▸ **TASK GOAL**
Your answer must consist of the records exactly as given, with no pictures included.

◇ ◇ ◇ ◇ ◇

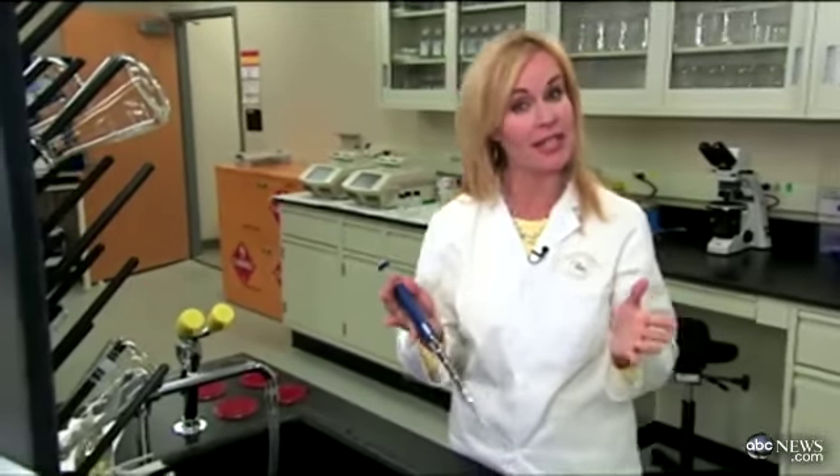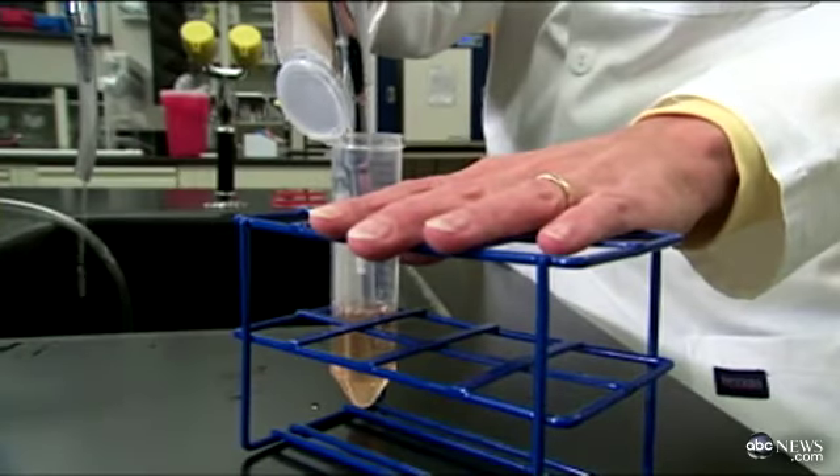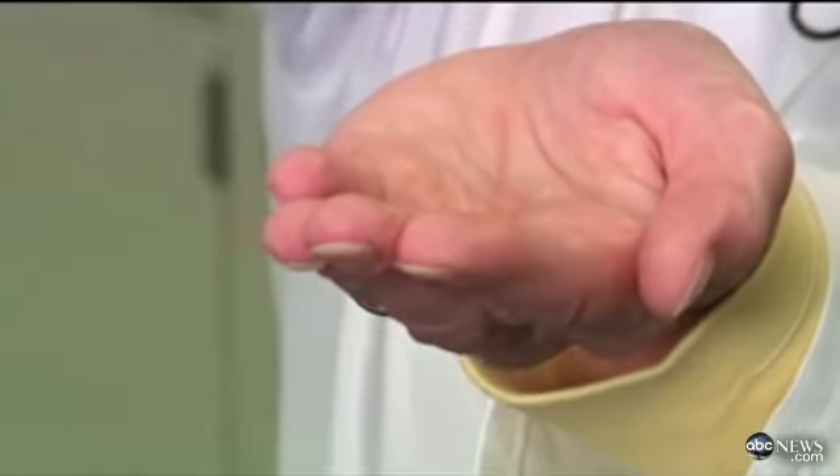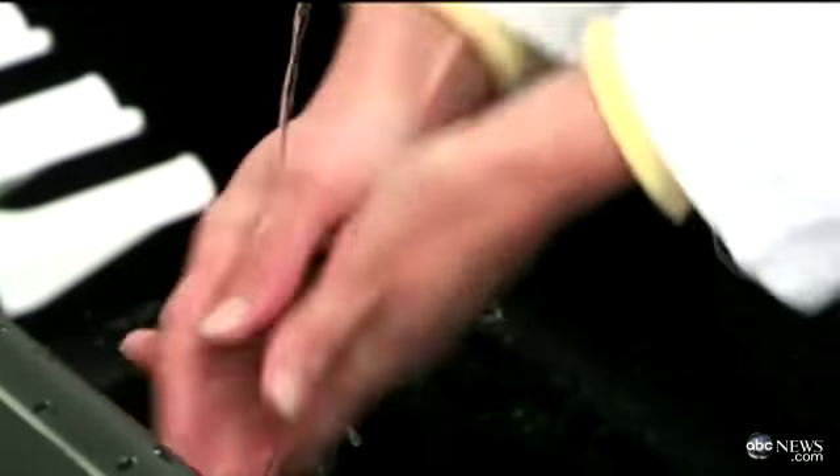The root of the problem is bad hand washing. So I came here to the University of Maryland's Food Safety Laboratory to prove a point. I'm going to put E. coli bacteria all over my own hands, and then wash for just seven seconds with no soap, because studies show that's exactly what most Americans do.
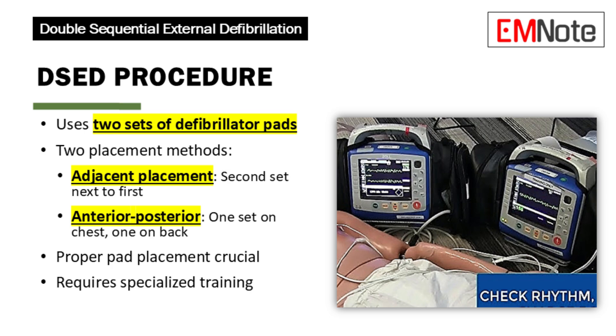Double sequential external defibrillation differs from standard defibrillation by using two sets of pads, each connected to a separate defibrillator. There are two main placement methods: method one, placing the second set of pads next to the first set without touching; method two, anterior-posterior placement with one set on the chest and the other on the back. The second option is often preferred when moving patients. Proper pad placement is crucial, requiring specialized training for medical professionals.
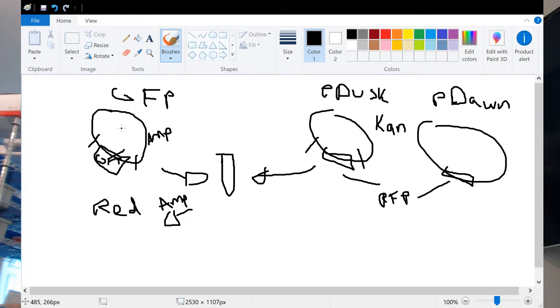If we plate them on ampicillin and we see red growing on ampicillin from the RFP, it means it was successful. Because PDUSC, which is red, can only grow on kanamycin, and GFP, which is green, can only grow on ampicillin. So if it's red on ampicillin, the gene switcheroo worked. Similarly, if PDUSC or PDawn grows on kanamycin and is green, that means the GFP gene was successfully swapped into those plasmids.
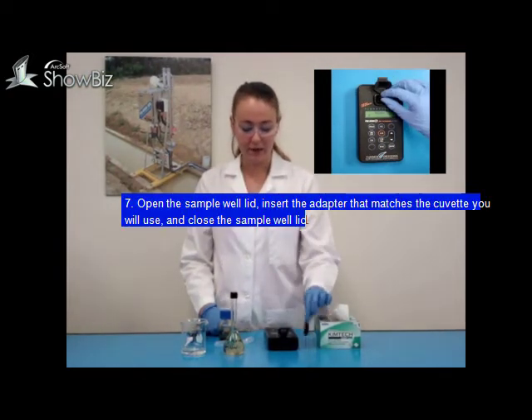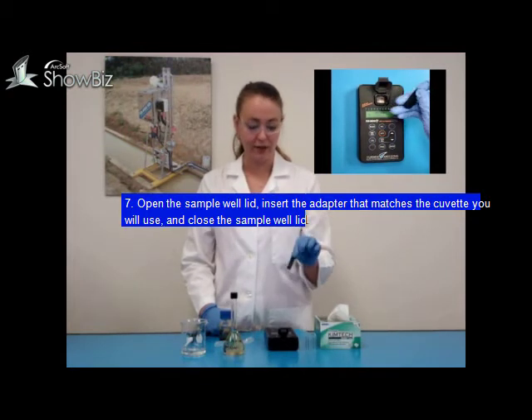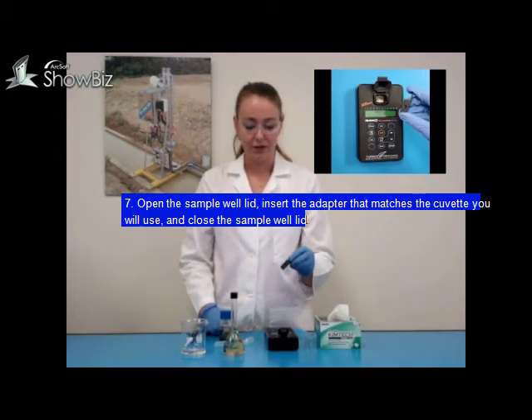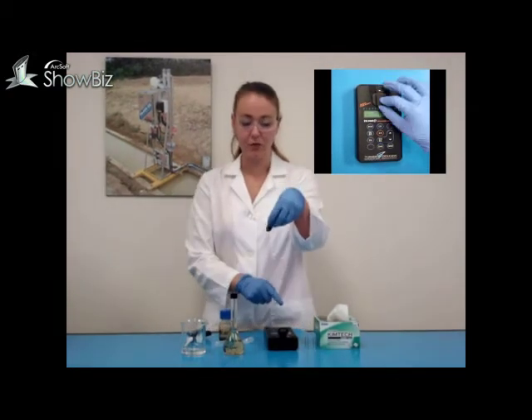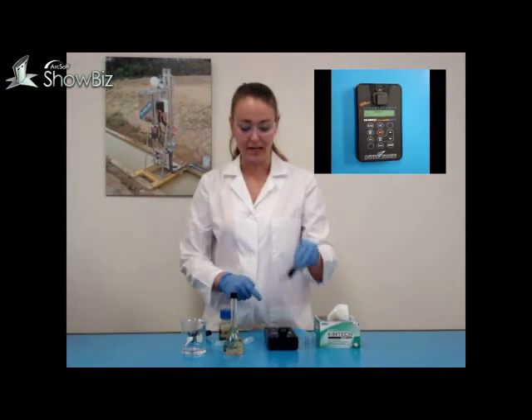Open the lid and make sure you have the correct adapter inserted into the TV500D. For this demo, we are using 8mm measurement cells, so we will be using the 8mm adapter.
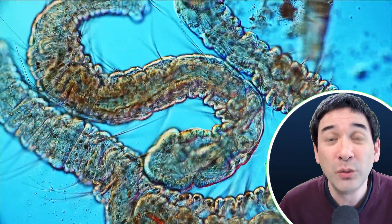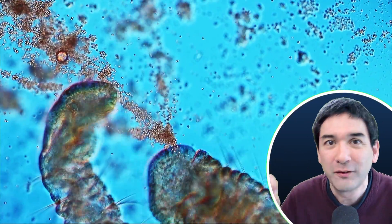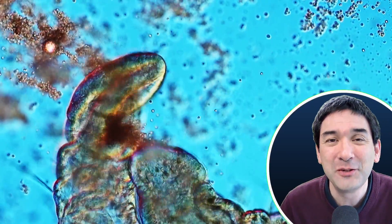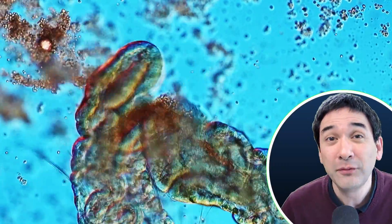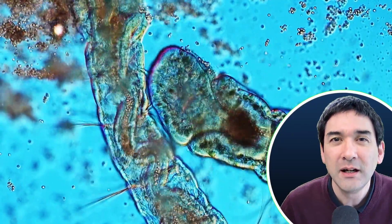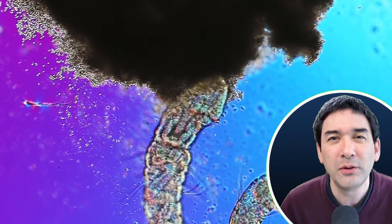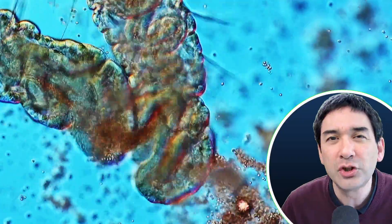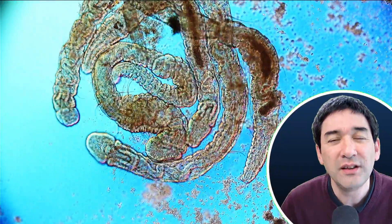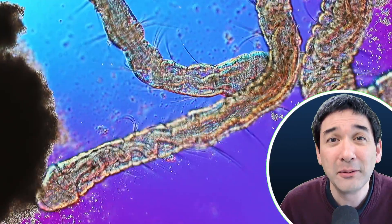There was actually even one case where one worm was trying to eat the yeast, and then a second worm came along and just stole the food right out of the mouth of the first worm. I also noticed that some of the yeast cells were kind of sticking together quite a bit — it was almost like they were in a layer of slime or mucus. Normally yeast doesn't do that; when you put yeast into water it dissolves completely. But here some yeast cells were still sticking together, which shows that the worms are apparently producing some kind of mucus that causes things to stick together. That's something I had not seen before.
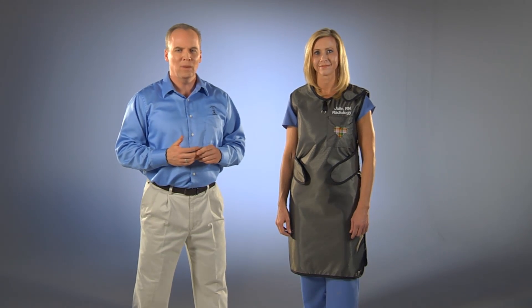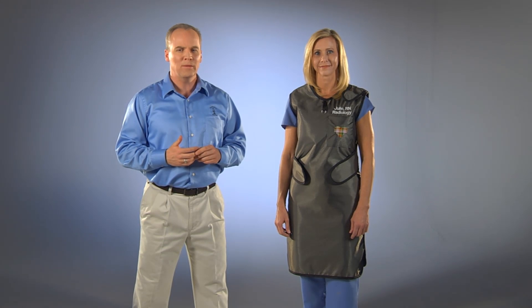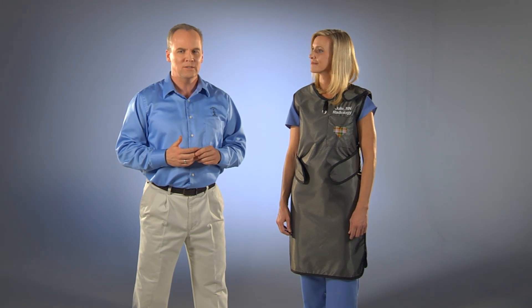Like all of our premium aprons, the Euro One is available in our lightweight, lead-free and viral light, as well as reduced weight burlite and regular lead. Protective levels offered are 0.5mm, 0.35mm, and 0.25mm lead equivalency.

◇ ◇ ◇ ◇ ◇

▸ **OUTPUT OF THE TASK**
The root of the problem is bad hand washing. So I came here to the University of Maryland's Food Safety Laboratory to prove a point. I'm going to put E. coli bacteria all over my own hands, and then wash for just seven seconds with no soap, because studies show that's exactly what most Americans do.
Double sequential external defibrillation differs from standard defibrillation by using two sets of pads, each connected to a separate defibrillator. There are two main placement methods: method one, placing the second set of pads next to the first set without touching; method two, anterior-posterior placement with one set on the chest and the other on the back. The second option is often preferred when moving patients. Proper pad placement is crucial, requiring specialized training for medical professionals.
If we plate them on ampicillin and we see red growing on ampicillin from the RFP, it means it was successful. Because PDUSC, which is red, can only grow on kanamycin, and GFP, which is green, can only grow on ampicillin. So if it's red on ampicillin, the gene switcheroo worked. Similarly, if PDUSC or PDawn grows on kanamycin and is green, that means the GFP gene was successfully swapped into those plasmids.
Open the lid and make sure you have the correct adapter inserted into the TV500D. For this demo, we are using 8mm measurement cells, so we will be using the 8mm adapter.
There was actually even one case where one worm was trying to eat the yeast, and then a second worm came along and just stole the food right out of the mouth of the first worm. I also noticed that some of the yeast cells were kind of sticking together quite a bit — it was almost like they were in a layer of slime or mucus. Normally yeast doesn't do that; when you put yeast into water it dissolves completely. But here some yeast cells were still sticking together, which shows that the worms are apparently producing some kind of mucus that causes things to stick together. That's something I had not seen before.
Like all of our premium aprons, the Euro One is available in our lightweight, lead-free and viral light, as well as reduced weight burlite and regular lead. Protective levels offered are 0.5mm, 0.35mm, and 0.25mm lead equivalency.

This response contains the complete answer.